Subsequently, the respondent filed an application under Section 21(1)(a) of the UP Urban Buildings Regulation of Letting Rent and Eviction) Act, 1972 for eviction of the appellant from his house. The eviction was sought on the ground of respondent’s bona fide need for his and his family members’ residence.

The respondent contended that he had retired and had no other suitable house of his own where he can live and, therefore, required the house for his personal residence as also for the residence of the members of his family.

The appellant opposed the same submitting that he had entered into an agreement with the respondent for the purchase of the house in question and had also paid a huge sum to the respondent pursuant to the agreement.

It was contended that since the parties had already entered into an agreement of sale/purchase of the house, the relationship of landlord/tenant between them had ceased to exist. It was also contended that consequent upon the execution of the agreement between the parties for the purchase of the house, the appellant was no longer in possession of the house as a tenant but was in possession as a purchaser of the house in part performance of the agreement.

In other words, it was contended that the relationship of landlord and tenant between the parties had come to an end and the same stood converted into the new relationship of buyer and seller of the suit house. It was, therefore, argued that the application filed by the respondent under Section 21(1) (a) of the UP Act against the appellant for his eviction from the house was not maintainable.

This stand of the appellant was accepted by the Prescribed Authority which dismissed the respondent’s plea. The Appellate Court upheld that decision and dismissed the respondent’s appeal. The respondent then filed a writ petition before the Uttarakhand High Court which allowed the same and set aside the order of the Prescribed Authority and Appellate Court.

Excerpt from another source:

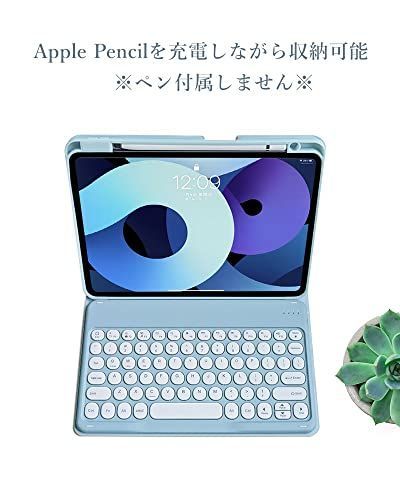 iPadAir4Air5iPadPro11_ミント 丸いキー iPadAir5 iPadAir4 キーボード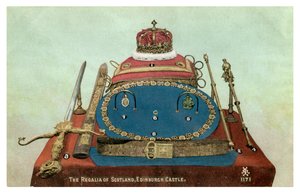 The Regalia of Scotland, Edinburgh Castle, 19th or 20th Century by Unbekannt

The High Court held that mere agreement to sell the house would not result in termination of landlord­/tenant relationship between the parties unless there is a stipulation in the agreement itself to that effect. It was also held that since the agreement in question relied on by the appellant is not a registered agreement, he is not entitled to raise the plea of part performance based on Section 53­A of the Transfer of Property Act, 1882.

The appellant approached the Supreme Court against the decision of the High Court.

The question that arose for consideration before the Supreme Court was when the lessor enters into an agreement to sell the tenanted property to his lessee during the subsistence of the lease, whether the execution of such agreement would ipso facto result in determination of the lease and severe the relationship of lessor and the lessee in relation to the leased property.

The Court held that the above question has to be decided keeping in view the provisions of Section 111 of the Transfer of Property Act and the intention of the parties to the lease – that is whether the parties intended to surrender the lease on execution of sale agreement or they intended to keep the lease subsisting notwithstanding the sale agreement.

The Court noted that Clauses (e) and (f) of Section 111 of TP Act provides for express and implied surrender for termination of lease.

In the instant case, the sale agreement contained nine conditions but none of them provided either in specific terms or impliedly that the parties intended to surrender the tenancy rights.

“we do not find any such clause….. and nor do we find that the existing conditions in the agreement discern the intention of the parties to surrender the tenancy agreement either expressly or impliedly.”

Hence, the Court concluded that the tenancy remained unaffected due to the sale agreement. It, therefore, dismissed the appeal.